None of these are conversations. There’s no ambiguity, no room for interpretation, no expectation that the system understands anything beyond the words themselves. The human knows what they want to say. The system just listens and records. That’s it.
It’s clean. It’s fast. It’s boring. And it’s working.
Which is exactly the point. This recent wave of success in voice isn’t about cracking natural language understanding. It’s about avoiding it. Most of the momentum in the space right now lives in use cases where trust was never broken—because it was never required.
That’s what makes this moment tricky to read. From the outside, it looks like voice is finally taking off. But when you zoom in, it’s clear that the boom is happening in a narrow slice of the market. Voice is succeeding as infrastructure. As UI. Not as an assistant, not as a companion, and definitely not as a conversation partner.
The most exciting applications—support agents that feel human, assistants that can follow context, interfaces that actually talk with you—those still sit under a heavy layer of skepticism. Not because the tech isn’t there. But because users already learned it wouldn’t work. And most haven’t unlearned that yet.
We’re not rebuilding trust. We’re just staying away from the places it broke.
The Real Game
The hard part right now isn’t building voice systems that work. It’s knowing where they’ll be allowed to.
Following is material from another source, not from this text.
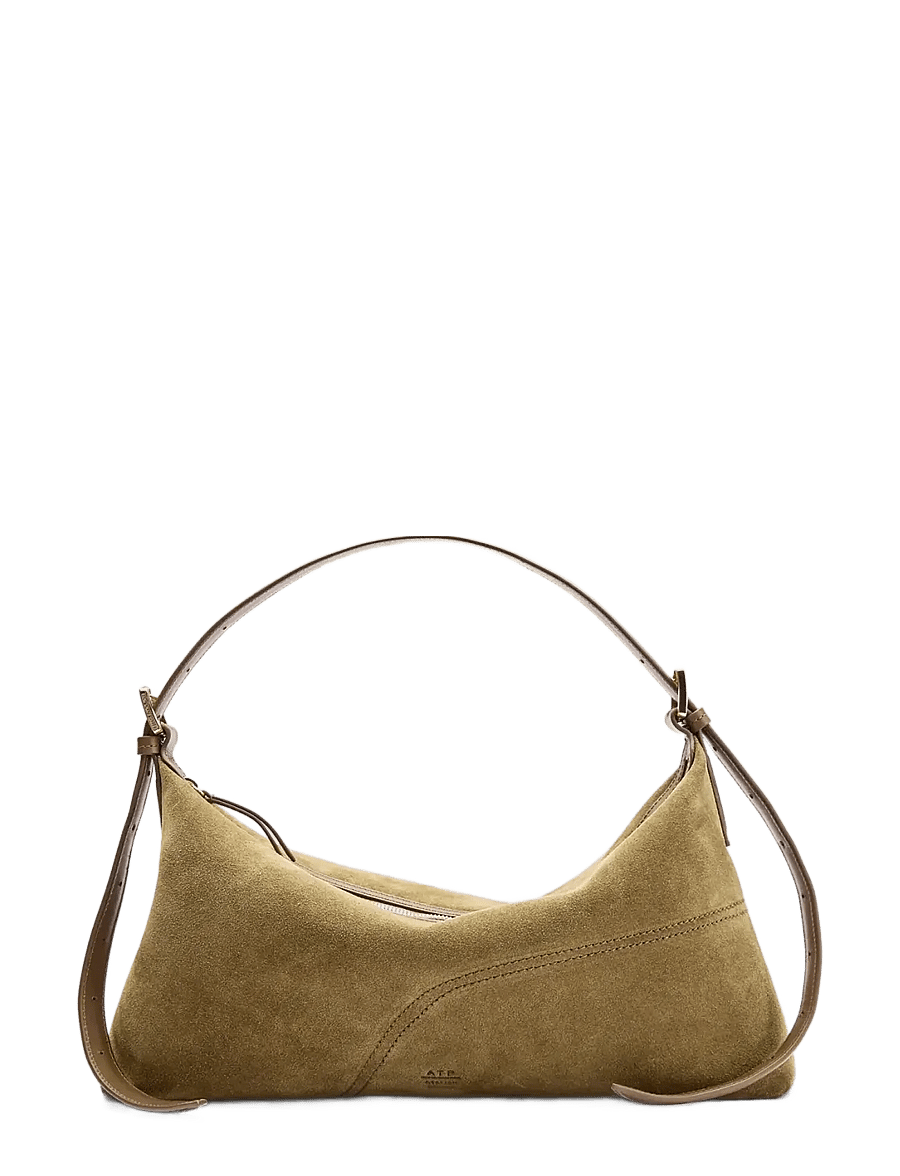 ATP Atelier - Castellare Loden Suede/Vacchetta - fashion trends - loden - 1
If you deploy into a context where people already expect failure—support calls, open-ended help desks, anything with history—you’re starting in a hole. One mistake and the user bails. You don’t get another shot.
But in the right environments—places with clear structure, low emotion, and no scar tissue—voice doesn’t just work. It compounds. Every smooth interaction buys you a little more room to operate next time.
That’s what makes this moment strategic. The winners in voice won’t be the ones with the flashiest demos. They’ll be the ones who understand the terrain. Who pick their battles. Who build credibility one workflow at a time.
Right now, trust is the real bottleneck. And the only way past it is to stop trying to wow people—and start making things that quietly work.
The technical race is over. The trust race has just begun.